Crawled caption data

● ● ●

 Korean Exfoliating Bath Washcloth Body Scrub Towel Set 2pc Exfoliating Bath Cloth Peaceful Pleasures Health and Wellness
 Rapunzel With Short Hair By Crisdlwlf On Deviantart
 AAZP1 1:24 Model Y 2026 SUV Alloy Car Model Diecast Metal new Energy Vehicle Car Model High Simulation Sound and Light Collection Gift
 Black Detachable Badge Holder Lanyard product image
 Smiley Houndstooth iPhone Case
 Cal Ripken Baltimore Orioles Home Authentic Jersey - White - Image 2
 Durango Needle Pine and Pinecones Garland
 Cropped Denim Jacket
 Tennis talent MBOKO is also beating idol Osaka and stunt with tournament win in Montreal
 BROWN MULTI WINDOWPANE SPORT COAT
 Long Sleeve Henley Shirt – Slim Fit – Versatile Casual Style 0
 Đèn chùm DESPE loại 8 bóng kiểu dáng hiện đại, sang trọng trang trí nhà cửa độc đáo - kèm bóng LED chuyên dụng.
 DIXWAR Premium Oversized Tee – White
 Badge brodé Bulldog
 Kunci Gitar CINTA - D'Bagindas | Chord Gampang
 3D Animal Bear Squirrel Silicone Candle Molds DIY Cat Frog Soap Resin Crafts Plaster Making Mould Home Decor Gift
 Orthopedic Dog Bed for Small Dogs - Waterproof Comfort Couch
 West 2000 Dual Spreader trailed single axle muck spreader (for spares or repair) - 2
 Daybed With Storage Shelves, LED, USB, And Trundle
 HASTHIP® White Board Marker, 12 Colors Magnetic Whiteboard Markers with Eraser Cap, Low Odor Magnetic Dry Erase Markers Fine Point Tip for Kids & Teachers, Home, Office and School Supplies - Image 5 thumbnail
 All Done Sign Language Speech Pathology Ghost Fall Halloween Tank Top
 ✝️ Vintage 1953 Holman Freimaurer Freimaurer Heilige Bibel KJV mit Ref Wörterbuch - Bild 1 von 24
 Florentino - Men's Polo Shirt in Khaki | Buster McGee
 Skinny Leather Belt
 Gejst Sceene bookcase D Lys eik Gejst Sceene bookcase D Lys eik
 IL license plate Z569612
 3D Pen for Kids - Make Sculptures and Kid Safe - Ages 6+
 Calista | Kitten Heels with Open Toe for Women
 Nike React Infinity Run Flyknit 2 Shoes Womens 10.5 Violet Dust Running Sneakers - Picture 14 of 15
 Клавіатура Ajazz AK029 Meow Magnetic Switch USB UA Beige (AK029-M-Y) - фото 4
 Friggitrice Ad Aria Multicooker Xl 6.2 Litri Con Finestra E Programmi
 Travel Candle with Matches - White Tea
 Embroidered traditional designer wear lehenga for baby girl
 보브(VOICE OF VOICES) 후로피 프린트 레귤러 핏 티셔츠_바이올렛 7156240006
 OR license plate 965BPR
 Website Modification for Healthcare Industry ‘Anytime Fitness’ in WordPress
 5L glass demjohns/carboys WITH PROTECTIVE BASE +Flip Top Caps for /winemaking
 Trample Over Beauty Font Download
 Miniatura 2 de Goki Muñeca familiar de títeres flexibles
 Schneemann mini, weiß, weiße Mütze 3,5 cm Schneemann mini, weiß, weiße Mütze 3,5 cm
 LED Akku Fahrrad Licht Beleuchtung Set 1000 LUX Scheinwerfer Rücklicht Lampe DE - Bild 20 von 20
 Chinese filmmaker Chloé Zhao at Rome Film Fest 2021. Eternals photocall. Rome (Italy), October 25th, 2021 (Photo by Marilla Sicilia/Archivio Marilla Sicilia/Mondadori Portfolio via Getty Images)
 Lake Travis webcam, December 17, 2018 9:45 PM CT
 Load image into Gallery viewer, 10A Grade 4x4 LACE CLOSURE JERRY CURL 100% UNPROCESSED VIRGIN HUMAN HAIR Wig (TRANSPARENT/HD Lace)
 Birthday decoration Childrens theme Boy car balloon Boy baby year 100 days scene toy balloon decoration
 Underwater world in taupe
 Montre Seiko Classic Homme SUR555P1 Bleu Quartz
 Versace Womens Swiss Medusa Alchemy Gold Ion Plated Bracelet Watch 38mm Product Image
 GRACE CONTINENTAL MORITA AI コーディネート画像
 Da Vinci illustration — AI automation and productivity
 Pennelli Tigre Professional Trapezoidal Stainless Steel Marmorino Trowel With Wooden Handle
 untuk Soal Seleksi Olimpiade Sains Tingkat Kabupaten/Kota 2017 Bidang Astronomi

● ● ●

__WORK ORDER__: Would you output every entry exactly as it was written?

__EXERCISE ANSWER__:
 Korean Exfoliating Bath Washcloth Body Scrub Towel Set 2pc Exfoliating Bath Cloth Peaceful Pleasures Health and Wellness
 Rapunzel With Short Hair By Crisdlwlf On Deviantart
 AAZP1 1:24 Model Y 2026 SUV Alloy Car Model Diecast Metal new Energy Vehicle Car Model High Simulation Sound and Light Collection Gift
 Black Detachable Badge Holder Lanyard product image
 Smiley Houndstooth iPhone Case
 Cal Ripken Baltimore Orioles Home Authentic Jersey - White - Image 2
 Durango Needle Pine and Pinecones Garland
 Cropped Denim Jacket
 Tennis talent MBOKO is also beating idol Osaka and stunt with tournament win in Montreal
 BROWN MULTI WINDOWPANE SPORT COAT
 Long Sleeve Henley Shirt – Slim Fit – Versatile Casual Style 0
 Đèn chùm DESPE loại 8 bóng kiểu dáng hiện đại, sang trọng trang trí nhà cửa độc đáo - kèm bóng LED chuyên dụng.
 DIXWAR Premium Oversized Tee – White
 Badge brodé Bulldog
 Kunci Gitar CINTA - D'Bagindas | Chord Gampang
 3D Animal Bear Squirrel Silicone Candle Molds DIY Cat Frog Soap Resin Crafts Plaster Making Mould Home Decor Gift
 Orthopedic Dog Bed for Small Dogs - Waterproof Comfort Couch
 West 2000 Dual Spreader trailed single axle muck spreader (for spares or repair) - 2
 Daybed With Storage Shelves, LED, USB, And Trundle
 HASTHIP® White Board Marker, 12 Colors Magnetic Whiteboard Markers with Eraser Cap, Low Odor Magnetic Dry Erase Markers Fine Point Tip for Kids & Teachers, Home, Office and School Supplies - Image 5 thumbnail
 All Done Sign Language Speech Pathology Ghost Fall Halloween Tank Top
 ✝️ Vintage 1953 Holman Freimaurer Freimaurer Heilige Bibel KJV mit Ref Wörterbuch - Bild 1 von 24
 Florentino - Men's Polo Shirt in Khaki | Buster McGee
 Skinny Leather Belt
 Gejst Sceene bookcase D Lys eik Gejst Sceene bookcase D Lys eik
 IL license plate Z569612
 3D Pen for Kids - Make Sculptures and Kid Safe - Ages 6+
 Calista | Kitten Heels with Open Toe for Women
 Nike React Infinity Run Flyknit 2 Shoes Womens 10.5 Violet Dust Running Sneakers - Picture 14 of 15
 Клавіатура Ajazz AK029 Meow Magnetic Switch USB UA Beige (AK029-M-Y) - фото 4
 Friggitrice Ad Aria Multicooker Xl 6.2 Litri Con Finestra E Programmi
 Travel Candle with Matches - White Tea
 Embroidered traditional designer wear lehenga for baby girl
 보브(VOICE OF VOICES) 후로피 프린트 레귤러 핏 티셔츠_바이올렛 7156240006
 OR license plate 965BPR
 Website Modification for Healthcare Industry ‘Anytime Fitness’ in WordPress
 5L glass demjohns/carboys WITH PROTECTIVE BASE +Flip Top Caps for /winemaking
 Trample Over Beauty Font Download
 Miniatura 2 de Goki Muñeca familiar de títeres flexibles
 Schneemann mini, weiß, weiße Mütze 3,5 cm Schneemann mini, weiß, weiße Mütze 3,5 cm
 LED Akku Fahrrad Licht Beleuchtung Set 1000 LUX Scheinwerfer Rücklicht Lampe DE - Bild 20 von 20
 Chinese filmmaker Chloé Zhao at Rome Film Fest 2021. Eternals photocall. Rome (Italy), October 25th, 2021 (Photo by Marilla Sicilia/Archivio Marilla Sicilia/Mondadori Portfolio via Getty Images)
 Lake Travis webcam, December 17, 2018 9:45 PM CT
 Load image into Gallery viewer, 10A Grade 4x4 LACE CLOSURE JERRY CURL 100% UNPROCESSED VIRGIN HUMAN HAIR Wig (TRANSPARENT/HD Lace)
 Birthday decoration Childrens theme Boy car balloon Boy baby year 100 days scene toy balloon decoration
 Underwater world in taupe
 Montre Seiko Classic Homme SUR555P1 Bleu Quartz
 Versace Womens Swiss Medusa Alchemy Gold Ion Plated Bracelet Watch 38mm Product Image
 GRACE CONTINENTAL MORITA AI コーディネート画像
 Da Vinci illustration — AI automation and productivity
 Pennelli Tigre Professional Trapezoidal Stainless Steel Marmorino Trowel With Wooden Handle
 untuk Soal Seleksi Olimpiade Sains Tingkat Kabupaten/Kota 2017 Bidang Astronomi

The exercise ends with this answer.